4- Meses depois, Milkau vai a Santa Teresa a fim de fazer compras e encontra novamente Maria, grávida, esfarrapada, trabalhando numa pensão por um prato de comida. A infeliz lhe conta que fora desonrada pelo filho de um rico colono do Rio Bonito, com promessa de casamento. Tinha sido expulsa da comunidade e abandonada por todos. Chegou a Santa Teresa, onde tinha conseguido aquele miserável emprego. Milkau resolve levar Maria para sua colônia. Um belo dia, Maria sentindo as dores do parto, caminha pelo pasto e, longe de todos, dá à luz uma criança, que, contudo, é devorada pelos porcos. O assunto rendeu, e as autoridades da Comarca prenderam Maria como criminosa.

5- Milkau observa “a injustiça da administração da justiça” e a pouca vergonha no caso. Maria é seviciada pelos soldados da cadeia. Aproveitando que a guarda dormia bêbada, Milkau tira Maria da cadeia e sobe com a jovem pela serra acima, prometendo uma vida nova, fundada no amor.

O crime conforme o processo

Maria Perutz no romance, Guilhermina Lübke na realidade, era uma jovem de 23 anos, “criada”, ou seja, empregada doméstica em casa de Frederico Küster, no Distrito de Jequitibá. Na madrugada de 3 de agosto de 1889, deu à luz, sem qualquer assistência, uma criança do sexo masculino. Jamais se poderá saber se a criança nasceu viva ou morta, diante da fraqueza das provas existentes nos autos. No romance, Graça Aranha dá-a como nascida viva e morta pelos porcos, na clássica seqüência do Capítulo Nono. Ouvida Guilhermina Lübke como suspeita de infanticídio, declarou, ainda na fase policial, ser “criada”, natural da Alemanha (mais tarde diria ter 23 anos de idade), e informou que “botou o cipó no pescoço da criança a fim de participar à mulher de Küster”, e que “não enterrou o cadáver a boas horas porque tinha temor do dono da casa”.

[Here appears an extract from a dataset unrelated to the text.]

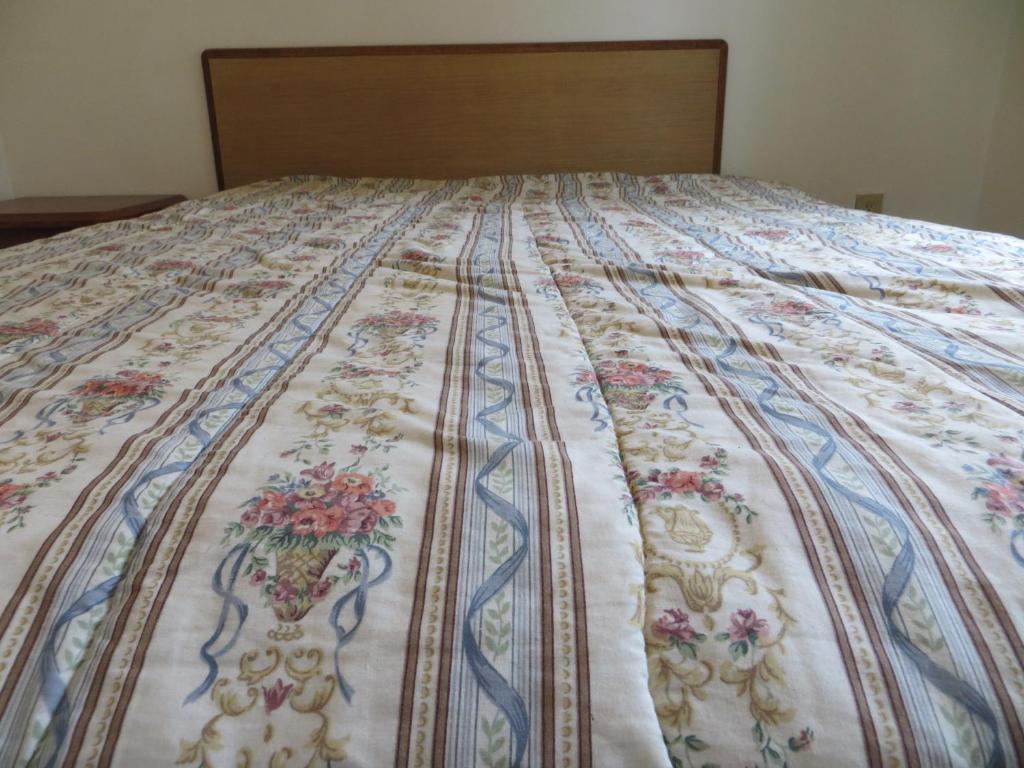 Madison Suites Motel Portland Rom bilde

Quatro dias depois foi concluído o inquérito policial, tendo sido remetido então ao juiz municipal em Vitória, pois ainda não fora criada a Comarca do Cachoeiro. O Juiz, Martins Rodrigues, em 19 do mesmo mês de agosto deu vista do inquérito policial ao promotor Manuel Pedro Vilaboim, que ofereceu denúncia contra Guilhermina Lübke, no dia 2 de outubro seguinte, data em que o mesmo juiz municipal determinou se fizesse sumário de culpa.

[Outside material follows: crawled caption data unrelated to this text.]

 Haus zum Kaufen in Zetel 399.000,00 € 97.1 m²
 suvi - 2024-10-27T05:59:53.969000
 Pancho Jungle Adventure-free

Entrementes foi proclamada a República e criada a comarca na antiga colônia. O processo dormiu longo sono cartorário, como que esperando que Graça Aranha entrasse em cena. O processo, que estivera parado por mais de um ano, agora, em um mês e seis dias, apesar de ser de difícil preparo, por causa da barreira lingüística, e numa época em que não havia estradas, viu seu rápido término, ficando pronto para julgamento. Graça Aranha toma as medidas burocráticas para a realização de novo julgamento e lavra seu derradeiro despacho nos autos em 24 de novembro e deixa, como vimos, a comarca. O julgamento se realizou no dia 10 de dezembro seguinte, tendo a ré sido absolvida por seis votos contra um. No dia 17 de fevereiro seguinte, o juiz de direito apelou da decisão para o Superior Tribunal da Relação, no Rio de Janeiro, então Distrito Federal. Foi confirmada a absolvição.

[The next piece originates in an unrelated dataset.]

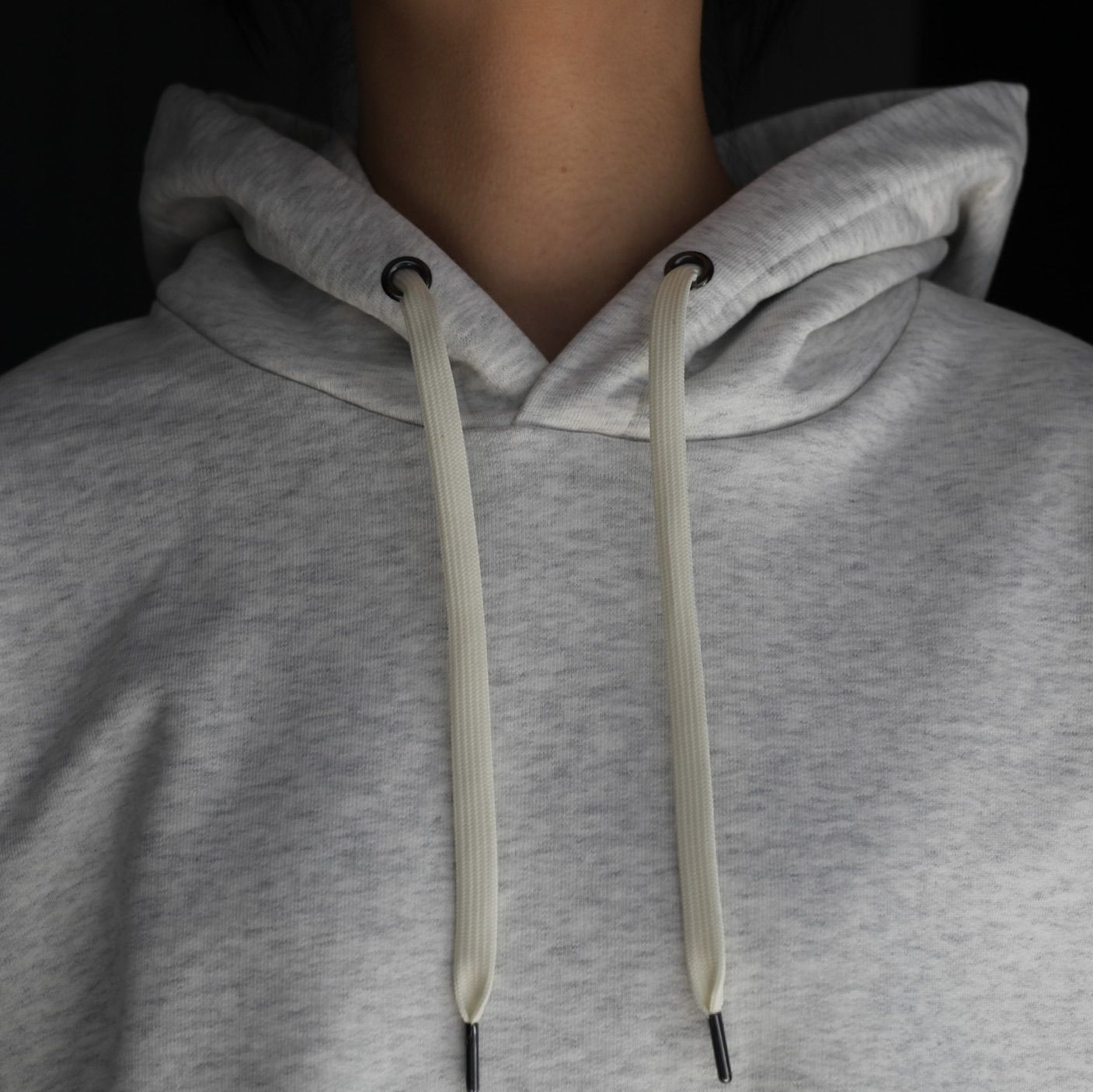 【残り一点】Heavey Sweat Hoodie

Somente em 28 de março de 1892 foi determinado se oficiasse ao Secretário de Justiça e Segurança Pública em Vitória, onde se encontrava presa a ré, para que pusessem, imediatamente, em liberdade, isso quase três anos depois de sua prisão.

Considerações finais

Essas explicações sobre o processo criminal que deu origem ao romance Canaã são de autoria do Dr. Renato Costa Pacheco, ex-juiz da Comarca de Santa Leopoldina-ES. O importante é ler o texto do romance, que teve grande repercussão na época.